== WORK REQUEST ==
Copy, pictures aside: the lines below from the one that holds "Седан Mazda 6 2011 в" through the final line of the listing, both ends included, exactly as they are and nothing else.

== MATERIAL PROVIDED ==
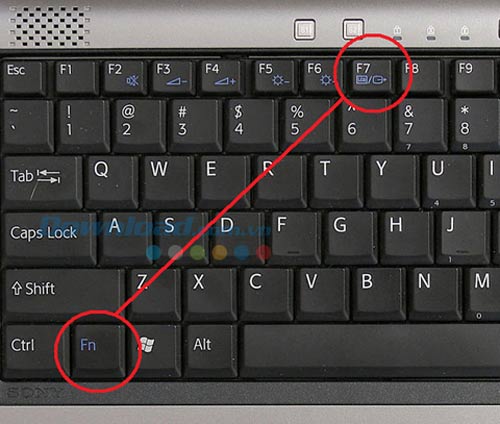 Ấn tổ hợp phím Cách khóa touchpad trên laptop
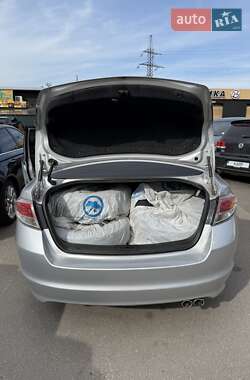 Седан Mazda 6 2011 в 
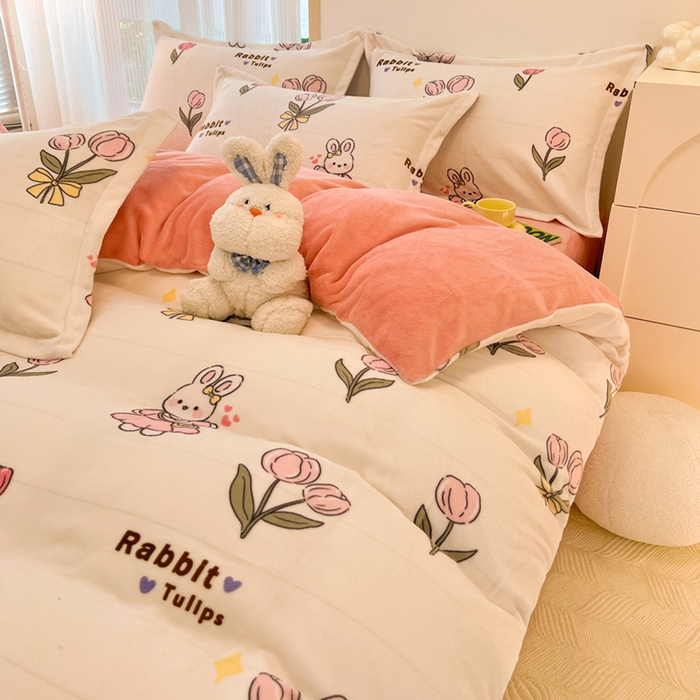 91家纺网 家纺一手货源 找家纺 寐居家纺 2023新款小清新印花牛奶绒单被套 告白兔兔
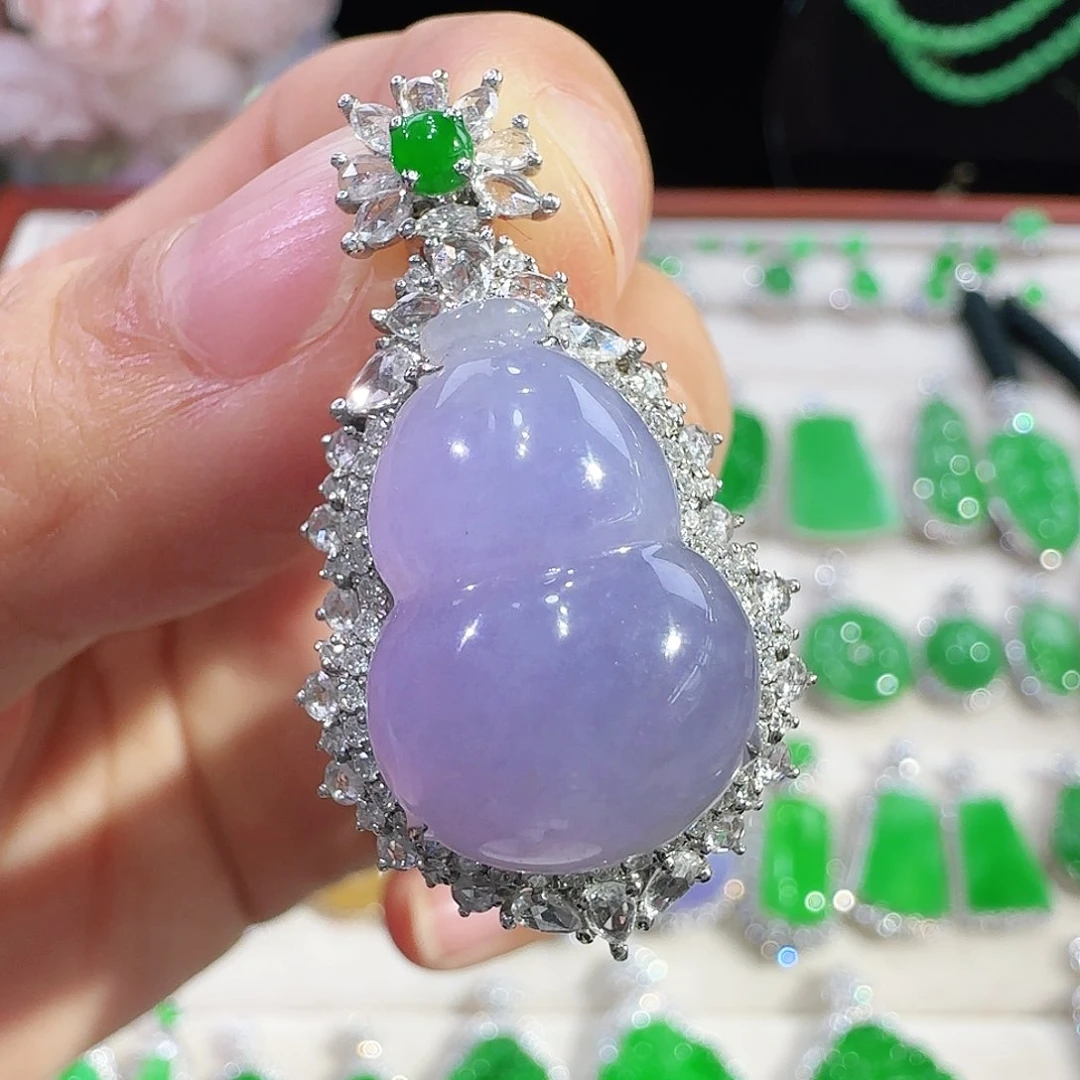 翡翠吊坠(不含链)18K金镶嵌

== EXERCISE RESULT ==
 Седан Mazda 6 2011 в 
 91家纺网 家纺一手货源 找家纺 寐居家纺 2023新款小清新印花牛奶绒单被套 告白兔兔
 翡翠吊坠(不含链)18K金镶嵌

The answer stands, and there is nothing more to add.